_Supplied records_:
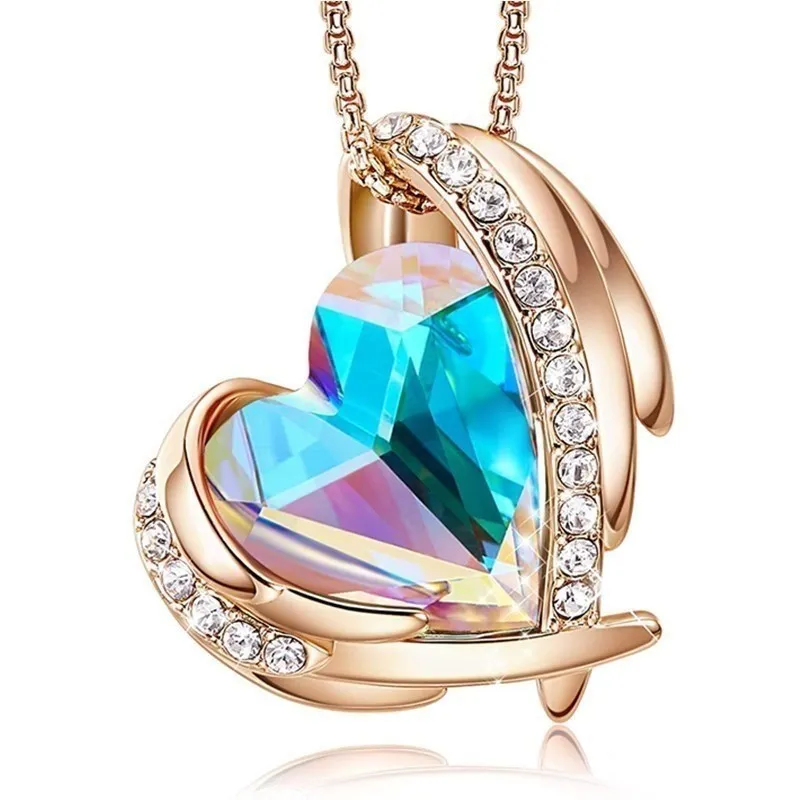 Fashion Love Heart Pendant Gold Tone Crystals Necklaces Jewelry for Women Rose  Party/Anniversary Day/Birthday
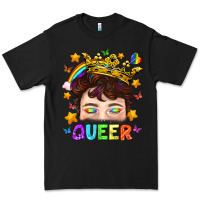 Black LGBTQ+ Queer Portrait With Crown And Rainbow Premium Tee - BundleAndBundleShop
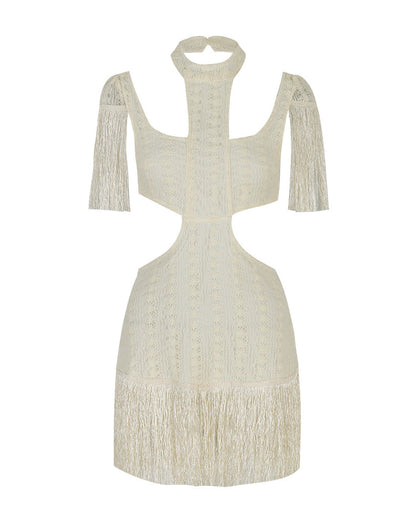 Tassel Cutout Waist-Revealing Short Dress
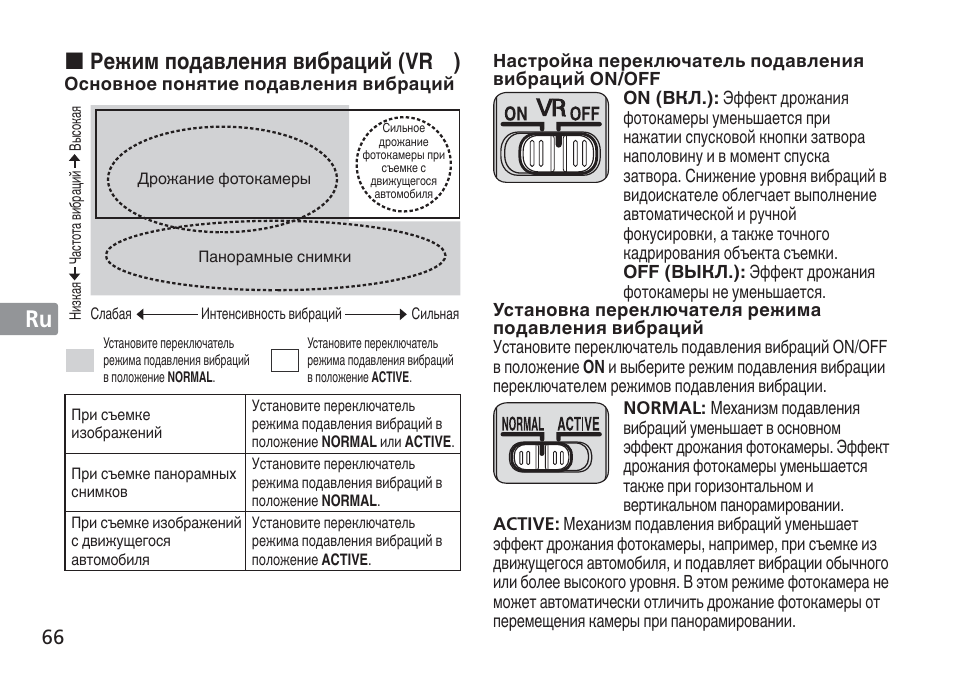 Jp en de fr es se ru nl it cz sk ck ch kr, Режим подавления вибраций (vr Ⅱ ) | Nikon AF-S VR 24-120mm f-4G ED User Manual | Page 66 / 152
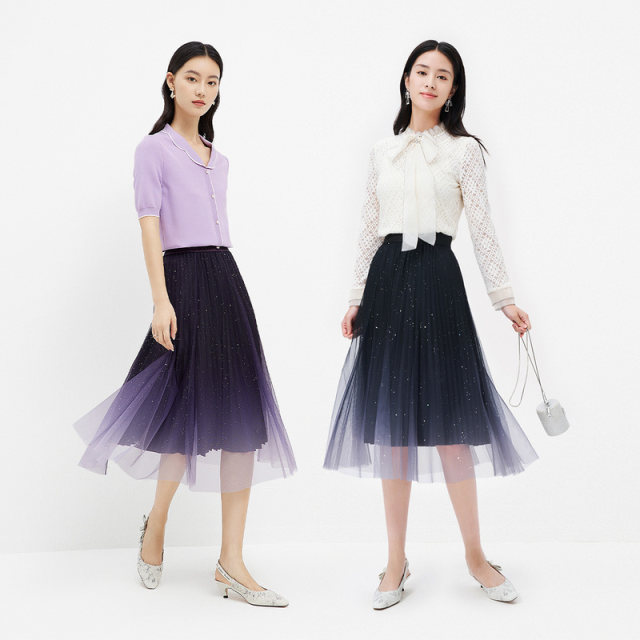 Koradior Kolatier Spring Mesh Elegant Skirt A-line Skirt Spliced ​​Mid-length Skirt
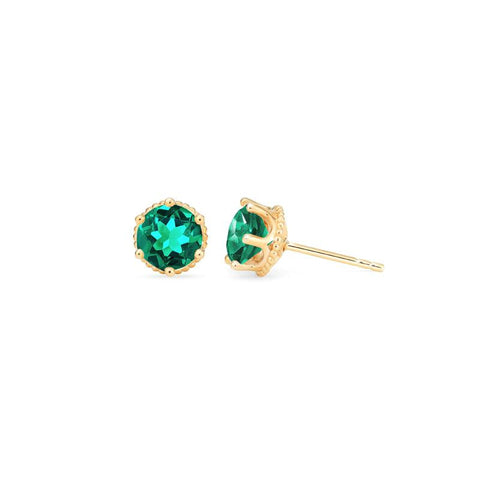 [Evelyn] Vintage Classic Crown Earrings in Lab Emerald Earrings michelliafinejewelry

_Exercise prompt_: Retype the data exactly as it stands, but keep the images out of your copy.

_Solution_:
 Fashion Love Heart Pendant Gold Tone Crystals Necklaces Jewelry for Women Rose  Party/Anniversary Day/Birthday
 Black LGBTQ+ Queer Portrait With Crown And Rainbow Premium Tee - BundleAndBundleShop
 Tassel Cutout Waist-Revealing Short Dress
 Jp en de fr es se ru nl it cz sk ck ch kr, Режим подавления вибраций (vr Ⅱ ) | Nikon AF-S VR 24-120mm f-4G ED User Manual | Page 66 / 152
 Koradior Kolatier Spring Mesh Elegant Skirt A-line Skirt Spliced ​​Mid-length Skirt
 [Evelyn] Vintage Classic Crown Earrings in Lab Emerald Earrings michelliafinejewelry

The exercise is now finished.